À partir d’un constat sans concession de « la grande confusion » qui affecte l’Europe, menaçant de détruire à la fois le sens de la transcendance, l’intégrité de l’homme, la famille, les nations, la nature et même la beauté du monde, David Engels nous fait voir les bases sur lesquelles il est permis d’espérer un revirement de situation. À cette fin, l’auteur nous livre plusieurs réflexions passionnantes sur l’identité de l’Europe. Car l’Europe n’a pas besoin d’une nouvelle identité, imaginée par des technocrates et qui ne reposerait que sur des principes universalistes abstraits, « elle en a déjà une ». Et on peut dire que l’identité de la civilisation européenne est même le préalable des différentes nations qui la composent.

Cette identité s’enracine dans différents terreaux. On pense bien sûr d’abord au monde gréco-romain dont l’Europe a tiré, par exemple, la pensée philosophique et juridique, mais aussi « la conception d’un ordre mondial romain impérial ». Mais la civilisation européenne plonge aussi une de ses racines dans le Proche-Orient, rappelle D. Engels, dont l’esprit a été intégré au noyau de la pensée européenne par la médiation des écrits de l’Ancien Testament. Parmi les éléments qui influenceront l’esprit de l’homme européen pendant des siècles, on peut penser à l’idée d’une élection divine du souverain ou à celle de l’histoire politique d’un peuple comme reflet direct de sa conduite morale.

Une troisième racine est à chercher ensuite dans le christianisme lui-même, la religion la plus répandue en Europe depuis la fin de l’Antiquité, et qui est devenu, pendant des siècles, le véritable porteur de tous les biens essentiels de la civilisation. Et enfin, l’identité européenne plonge ses racines dans les différentes traditions ethniques des peuples européens, comme les Celtes, les Germains et les Slaves, mais aussi les Basques, les Baltes, les Finnois ou les Hongrois par exemple, dont les visions du monde remontent, elles, à leurs ancêtres Indo-Européens.

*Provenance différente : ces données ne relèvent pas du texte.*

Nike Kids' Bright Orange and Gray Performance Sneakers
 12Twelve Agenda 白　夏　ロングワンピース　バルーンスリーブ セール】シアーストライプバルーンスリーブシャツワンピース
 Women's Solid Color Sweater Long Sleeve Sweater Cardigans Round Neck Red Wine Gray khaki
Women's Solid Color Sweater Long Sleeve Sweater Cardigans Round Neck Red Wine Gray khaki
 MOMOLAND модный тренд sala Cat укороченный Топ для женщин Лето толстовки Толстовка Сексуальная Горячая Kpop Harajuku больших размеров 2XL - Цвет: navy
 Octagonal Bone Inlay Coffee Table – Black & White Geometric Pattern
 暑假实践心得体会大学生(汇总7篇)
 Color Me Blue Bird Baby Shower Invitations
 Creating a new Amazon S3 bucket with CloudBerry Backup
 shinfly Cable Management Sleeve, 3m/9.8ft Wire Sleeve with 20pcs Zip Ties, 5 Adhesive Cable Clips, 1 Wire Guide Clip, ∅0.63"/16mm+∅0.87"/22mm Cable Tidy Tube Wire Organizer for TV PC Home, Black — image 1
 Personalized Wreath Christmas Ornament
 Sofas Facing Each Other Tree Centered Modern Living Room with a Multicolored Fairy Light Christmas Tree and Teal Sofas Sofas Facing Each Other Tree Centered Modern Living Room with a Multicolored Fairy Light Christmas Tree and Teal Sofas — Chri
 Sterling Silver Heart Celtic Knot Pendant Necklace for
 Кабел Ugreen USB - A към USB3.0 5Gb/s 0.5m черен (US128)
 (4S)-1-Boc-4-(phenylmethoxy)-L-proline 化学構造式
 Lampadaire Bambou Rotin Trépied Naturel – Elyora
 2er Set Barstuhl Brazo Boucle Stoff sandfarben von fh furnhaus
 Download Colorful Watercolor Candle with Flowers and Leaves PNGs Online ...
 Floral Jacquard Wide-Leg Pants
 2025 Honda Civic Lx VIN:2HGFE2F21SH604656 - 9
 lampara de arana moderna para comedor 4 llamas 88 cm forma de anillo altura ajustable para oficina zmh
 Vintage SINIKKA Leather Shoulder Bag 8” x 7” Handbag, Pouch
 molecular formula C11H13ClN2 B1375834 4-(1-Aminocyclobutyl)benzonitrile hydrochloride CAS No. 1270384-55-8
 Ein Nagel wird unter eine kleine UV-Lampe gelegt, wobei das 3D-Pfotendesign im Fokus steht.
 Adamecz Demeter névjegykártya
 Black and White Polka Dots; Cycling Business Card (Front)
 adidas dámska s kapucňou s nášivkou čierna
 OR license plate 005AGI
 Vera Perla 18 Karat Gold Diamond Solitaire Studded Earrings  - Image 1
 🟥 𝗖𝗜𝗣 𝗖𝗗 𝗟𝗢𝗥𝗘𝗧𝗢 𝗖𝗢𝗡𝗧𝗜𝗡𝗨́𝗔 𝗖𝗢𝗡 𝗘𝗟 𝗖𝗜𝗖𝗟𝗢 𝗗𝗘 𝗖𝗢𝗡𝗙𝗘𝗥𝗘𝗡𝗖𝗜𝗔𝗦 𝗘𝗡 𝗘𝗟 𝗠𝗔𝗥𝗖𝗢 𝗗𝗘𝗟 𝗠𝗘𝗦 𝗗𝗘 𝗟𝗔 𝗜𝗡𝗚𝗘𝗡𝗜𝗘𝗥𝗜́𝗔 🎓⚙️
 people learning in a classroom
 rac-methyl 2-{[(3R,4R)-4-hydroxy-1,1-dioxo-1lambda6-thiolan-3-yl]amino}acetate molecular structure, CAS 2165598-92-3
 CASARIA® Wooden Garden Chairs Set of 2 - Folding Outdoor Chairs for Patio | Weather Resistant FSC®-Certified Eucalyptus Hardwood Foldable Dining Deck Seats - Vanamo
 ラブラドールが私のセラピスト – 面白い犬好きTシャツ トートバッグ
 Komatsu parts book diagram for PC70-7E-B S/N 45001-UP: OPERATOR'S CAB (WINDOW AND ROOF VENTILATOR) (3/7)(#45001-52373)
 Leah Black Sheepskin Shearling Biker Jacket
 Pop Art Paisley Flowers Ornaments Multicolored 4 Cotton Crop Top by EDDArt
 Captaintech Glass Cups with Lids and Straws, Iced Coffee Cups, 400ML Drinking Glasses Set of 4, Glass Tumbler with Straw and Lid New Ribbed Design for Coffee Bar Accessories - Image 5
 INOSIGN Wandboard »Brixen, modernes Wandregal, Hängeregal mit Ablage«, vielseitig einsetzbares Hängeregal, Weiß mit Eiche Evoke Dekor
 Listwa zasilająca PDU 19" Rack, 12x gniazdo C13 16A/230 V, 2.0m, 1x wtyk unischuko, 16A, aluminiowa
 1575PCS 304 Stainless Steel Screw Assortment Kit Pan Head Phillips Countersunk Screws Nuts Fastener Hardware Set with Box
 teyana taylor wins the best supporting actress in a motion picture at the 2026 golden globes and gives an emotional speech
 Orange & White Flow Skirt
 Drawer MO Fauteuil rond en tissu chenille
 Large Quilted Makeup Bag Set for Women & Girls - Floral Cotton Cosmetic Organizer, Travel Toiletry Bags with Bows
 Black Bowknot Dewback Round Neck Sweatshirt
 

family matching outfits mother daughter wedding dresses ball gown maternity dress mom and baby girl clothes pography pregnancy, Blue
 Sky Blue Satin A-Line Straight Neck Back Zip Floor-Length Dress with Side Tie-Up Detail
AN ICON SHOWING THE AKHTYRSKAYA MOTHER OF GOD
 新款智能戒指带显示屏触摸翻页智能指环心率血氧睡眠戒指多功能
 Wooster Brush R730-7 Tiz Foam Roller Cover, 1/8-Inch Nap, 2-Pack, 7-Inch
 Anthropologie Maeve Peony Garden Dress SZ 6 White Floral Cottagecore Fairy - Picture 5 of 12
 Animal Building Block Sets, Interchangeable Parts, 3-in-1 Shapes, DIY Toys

Pour autant, la civilisation européenne est plus que la somme de ces différents éléments. À partir de ces derniers, elle en a fait quelque chose de totalement nouveau. Et cette nouveauté, c’est l’esprit faustien. À l’instar d’Oswald Spengler, David Engels fait en effet partie de ces auteurs qui refusent de voir une continuité culturelle et identitaire entre l’Antiquité et le Moyen Âge. À ses yeux, c’est une civilisation parfaitement nouvelle et originaire qui a pris naissance en Europe occidentale à la fin du premier millénaire, qui s’est manifestée concrètement par le couronnement impérial de Charlemagne. La translatio imperii de Rome vers le nord ne serait pas une simple reprise de l’ancienne tradition impériale romaine sous une forme christianisée, mais l’acte de naissance de la civilisation faustienne, une civilisation dont l’essence est la quête effrénée d’absolu, le désir de dépasser l’horizon, symbolisé par la devise des Habsbourg : Plus ultra

Au terme d’une réflexion stimulante sur l’histoire de l’Europe conçue sous un mode ternaire, David Engels esquisse les contours du combat qu’il nous faudra livrer pour la défense de notre civilisation. En effet, à la manière de Hegel, l’auteur nous présente une vision dialectique de l’histoire européenne : le Moyen Âge chrétien, fondé sur l’unité de la croyance en Dieu et sur l’unité politique du Sacrum Imperium, constitue la première phase « thétique » de notre histoire. Lui succède une seconde phase « antithétique », dans laquelle l’unité religieuse s’effondre suite à la Réforme et l’unité politique de l’Empire se disloque au profit de multiples entités nationales.

Il ne fait pas de doute, selon D. Engels, que notre présent représente l’apogée de ce mouvement antithétique. Mais, « comme dans le cas de la fin du Moyen Âge, des forces contraires de plus en plus puissantes se préparent aujourd’hui. » Car notre époque annonce la phase de « synthèse » que doit connaître toute civilisation. En historien de l’Antiquité, l’auteur nous rappelle en effet l’exemple de la réforme augustéenne, instaurant le Principat. Comme à la fin de la République romaine, l’enjeu de notre temps serait d’œuvrer en vue d’un retour rationnel à la tradition.

Antoine Dresse
15/08/2024

David Engels, Défendre l’Europe civilisationnelle, Paris, Salvator, 2024, 156 pages.